TASK OBJECTIVE
Going line by line through the records below, write out everything starting with the line containing "Good-sized closet with" and going on through the line containing "Cloudland 2x6 Polished", exactly and inclusively. Pictures do not go in.

RECORDS TO USE
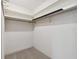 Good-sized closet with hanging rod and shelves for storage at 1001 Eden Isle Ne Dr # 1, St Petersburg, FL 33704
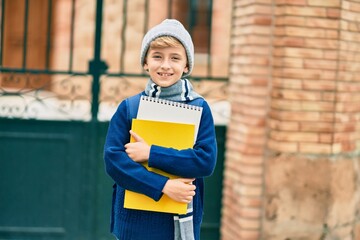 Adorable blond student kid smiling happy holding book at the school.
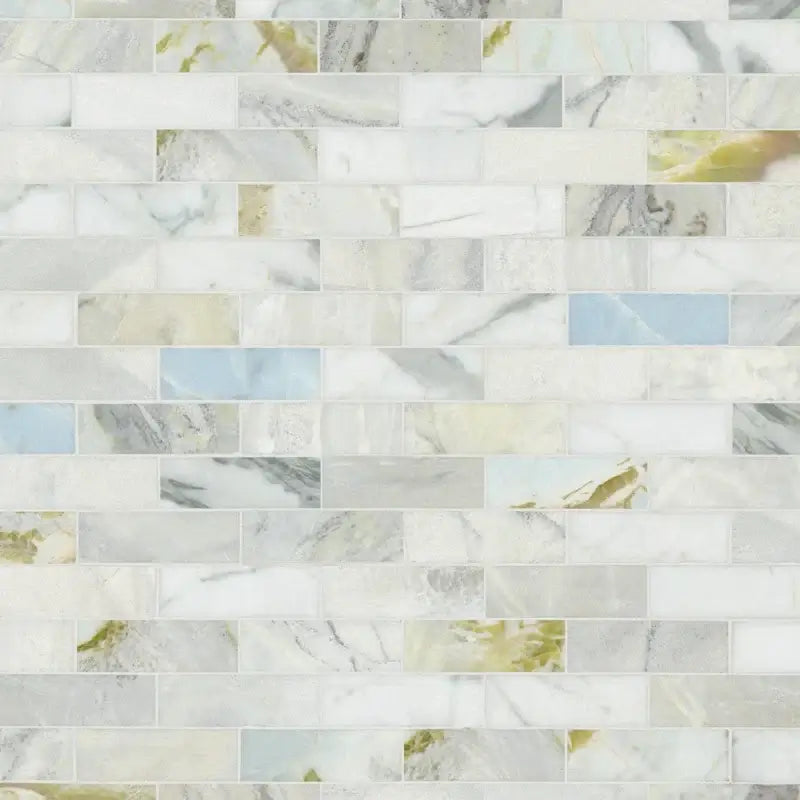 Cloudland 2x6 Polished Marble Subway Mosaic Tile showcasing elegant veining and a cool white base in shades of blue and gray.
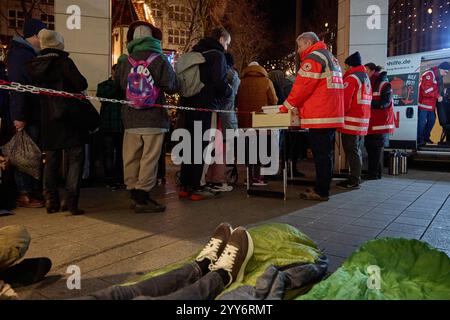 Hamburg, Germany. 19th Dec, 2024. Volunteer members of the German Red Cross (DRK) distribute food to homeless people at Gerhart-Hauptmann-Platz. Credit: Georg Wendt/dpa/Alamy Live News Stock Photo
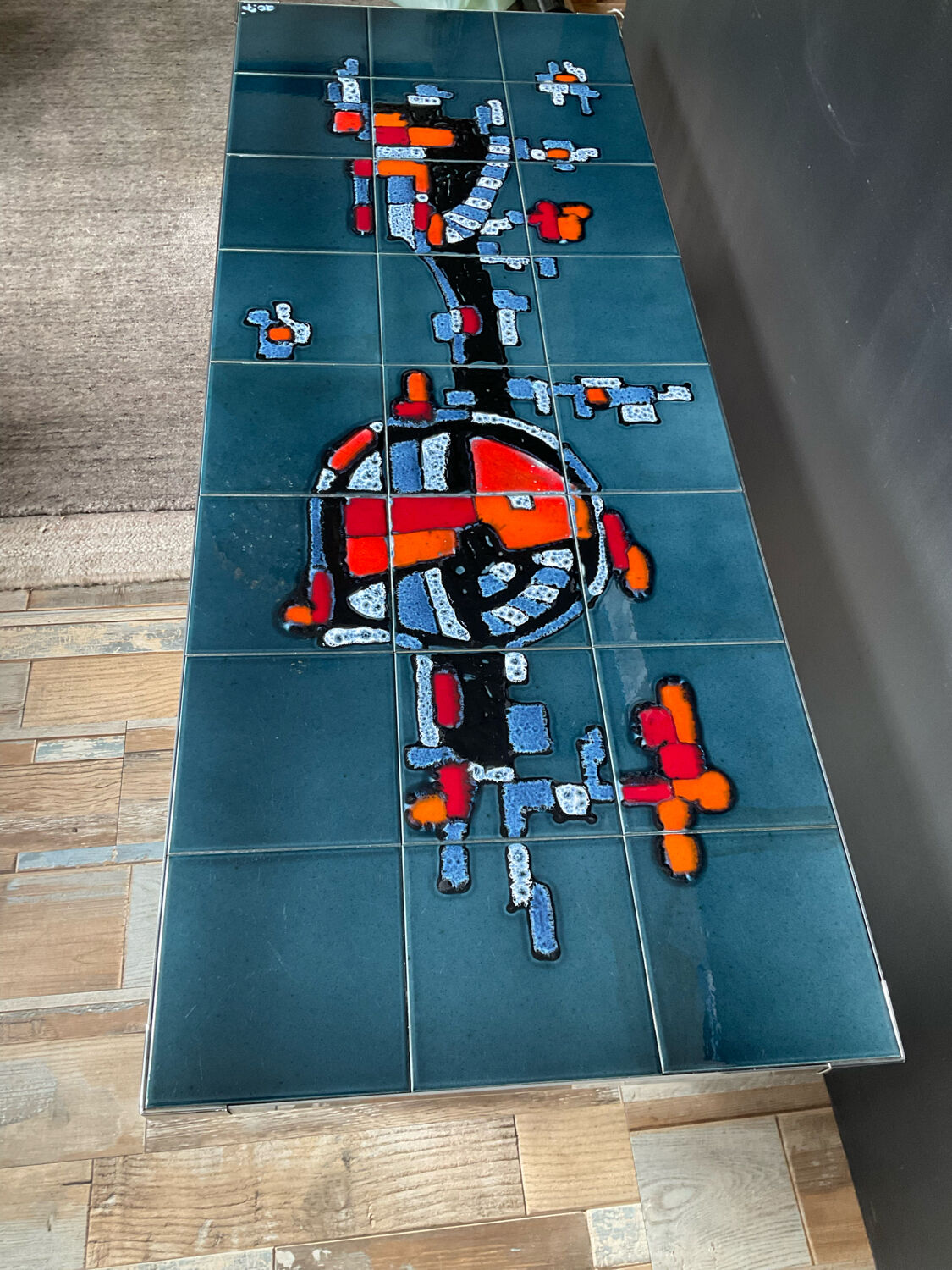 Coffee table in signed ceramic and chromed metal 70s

...

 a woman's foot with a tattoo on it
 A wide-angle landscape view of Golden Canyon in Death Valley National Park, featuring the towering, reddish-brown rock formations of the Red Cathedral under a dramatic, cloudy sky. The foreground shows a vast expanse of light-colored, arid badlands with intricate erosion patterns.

EXERCISE OUTPUT
 Good-sized closet with hanging rod and shelves for storage at 1001 Eden Isle Ne Dr # 1, St Petersburg, FL 33704
 Adorable blond student kid smiling happy holding book at the school.
 Cloudland 2x6 Polished Marble Subway Mosaic Tile showcasing elegant veining and a cool white base in shades of blue and gray.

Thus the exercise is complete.